A recent report from the European Central Bank (ECB) highlighted that linkages with the non-bank financial intermediation (NBFI) sector expose banks to liquidity, market and credit risks, with liquidity risk seeming to be the main concern at present, and that a small group of systemically important banks is key to ensuring the smooth operation of parts of the NBFI sector.
Banks are connected to NBFI sector entities via loans, securities and derivatives exposures, as well as funding dependencies. Linkages with the NBFI sector expose banks to liquidity, market and credit risks. Funding from NBFI entities would appear to be the most likely and strongest spillover channel, given that NBFI entities maintain their liquidity buffers primarily as deposits and very short-term repo transactions with banks.
At the same time, direct credit exposures are smaller and are often related to NBFI entities associated with banking groups. Links with NBFI entities are highly concentrated in a small group of systemically important banks, whose sizeable capital and liquidity buffers are essential to mitigate spillover risks.
NBFI entities play a major role as providers of repo funding to banks. In the last quarter of 2022, almost half of all repo funding to banks came from these entities. The share of euro area bank repo funding from non-banks has fluctuated between 41% and 54% since 2015. Investment funds and other financial institutions are the largest group of NBFI entities providing repo funding to banks, with French, German and Dutch banks being the main recipients.
The bulk of the NBFI sector’s repo funding to banks has a very short maturity. Around half the repo funding provided by NBFI entities consists of overnight transactions, while almost 80% of volumes have a maturity of one month or less. This suggests that banks may face significant rollover risk.
As is the case for unsecured deposits, repo transactions often serve as a liquidity buffer for NBFI entities, in particular for investment funds and other financial institutions, including broker-dealers (Chart B.2, panel b).

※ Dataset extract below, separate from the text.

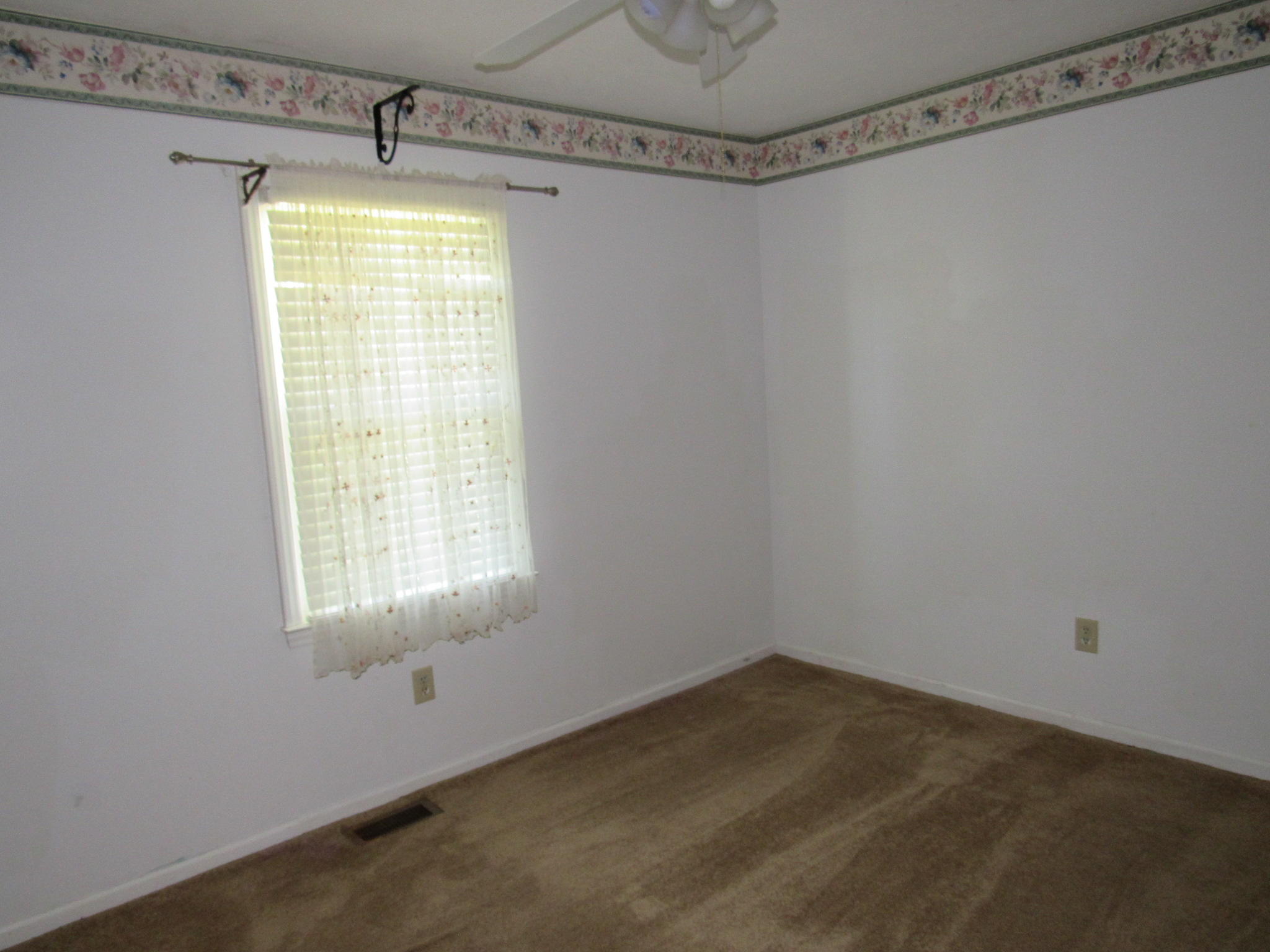 1813 Baker Street Rockingham, NC 28379 - Photo 17 of 18 IMG_0739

Banks might therefore need to replace the funding obtained in the repo market very rapidly if the NBFI sector were to be hit by large, abrupt outflows.
Banks’ funding from NBFI entities is highly concentrated, on both the borrower and the lender side. Large banks account for about 80% of euro area banks’ total repo borrowing from NBFI entities. These banks play a central role in the market, as they are virtually the only recipient of repo liquidity from investment funds, insurers, pension funds and money market funds. Most of the repo volume is also concentrated in a small number of lenders. The top 10% of lenders by size provide 88% of total funding. These figures suggest that concentration risk is elevated, as there is a small number of banks which heavily rely on repo funding, which is provided by a small number of NBFI entities.